Algorithms and big data are revolutionizing the way problems and day-to-day tasks are handled in our current world, allowing new insights to solve a range of problems including providing credit reports, stock recommendations, and now it’s being used to assess at risk children. It’s a radical change to allow an algorithm and big data to determine what decision should be made when it comes to whether a child needs immediate attention and to be taken out of their home. The Department of Child and Family Services (DCFS), as well as individual social workers, face enormous pressure in making such judgment calls, and these decisions can be life-changing for the children and families involved. Every day, social workers wonder if the children that they allowed to remain at their home the day prior will be safe and un-harmed. Given the predictive power of algorithms, the question arises about whether and how DCFS could leverage data science to determine which children are at risk and which children aren’t?

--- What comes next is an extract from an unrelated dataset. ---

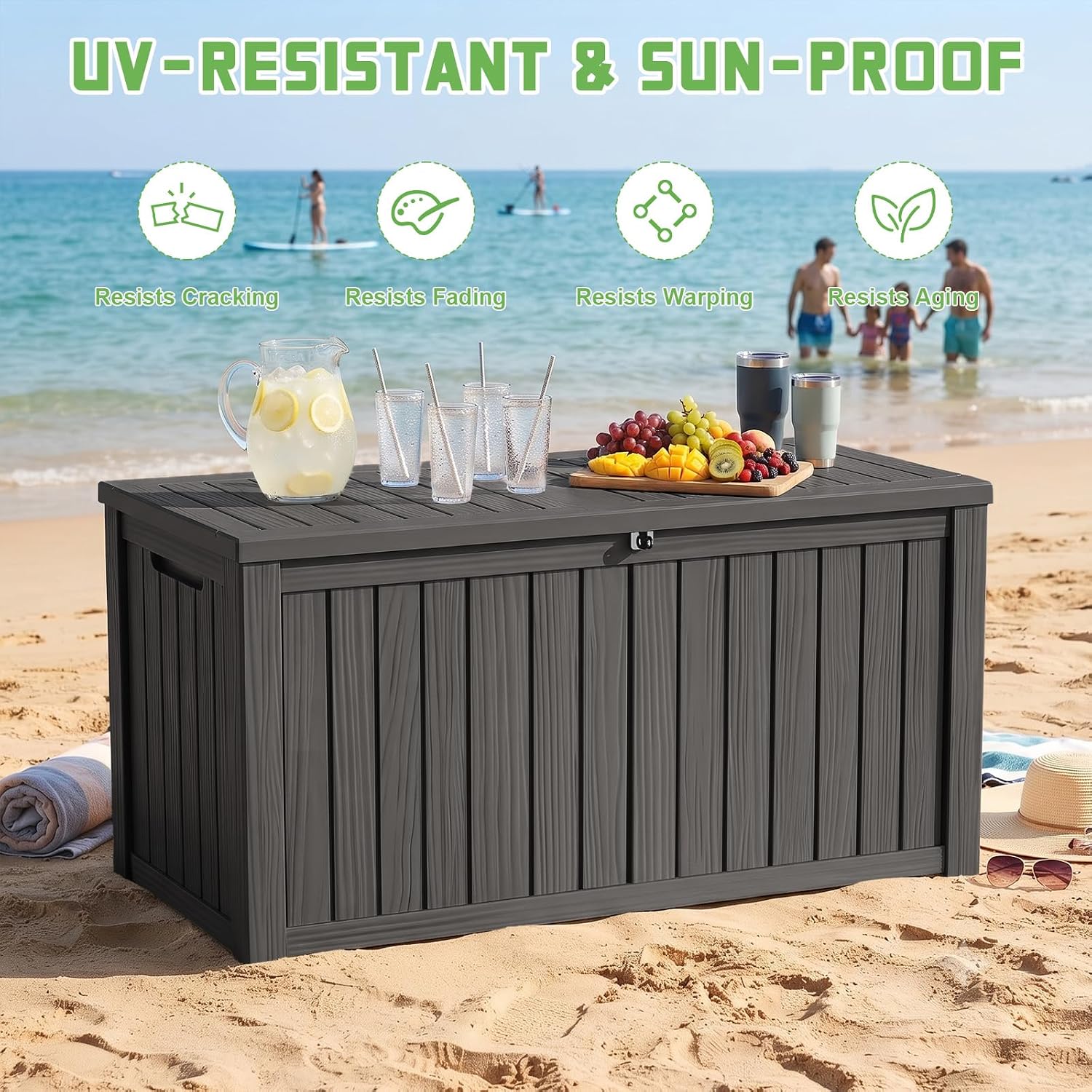 200 Gallon Lockable Resin Deck - Uv Resin recension och pris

In 2013, Gabriel Fernandez, an 8-year-old boy in Los Angeles, was tortured and killed by his mother and his mother’s boyfriend. Netflix even created a series based on the events that took place in the Fernandez home. Despite four social workers and numerous police officers knowing about his situation, along with a teacher who had filed reports with DCFS, none of them removed him or made him visit a doctor (Young 2020). According to Julius Young from Fox News, “Numerous parties made attempts to highlight what was going on in the home; however, pleas by his teachers… fell on deaf ears.” Because social workers knew about the abuse prior to his death, this case received significant attention with a focus on the under-funded DCFS system that allowed yet another child to die.

You might be wondering how things went so wrong. How could a system be so broken and fail a child who was stuck in a home, unloved, and unheard? According to Dan Hurley from the New York Times, “Nationally, 42 percent of the four million allegations received in 2015, involving 7.2 million children, were screened out, often based on sound legal reasoning but also because of judgment calls, opinions, biases and beliefs” (Hurley 2018). Human error is inevitable and is manifest in many situations. Algorithms can limit this error, but do they take out the human?

This is where judgment comes into play. Bias, prior experiences, and pre-determined views can impact judgment and how people perceive situations. I’m not saying that the four social workers were right in their actions involving the Fernandez case, but I’m not saying they were wrong either. Human error is inevitable, but will reliance on algorithms alone prevent such error?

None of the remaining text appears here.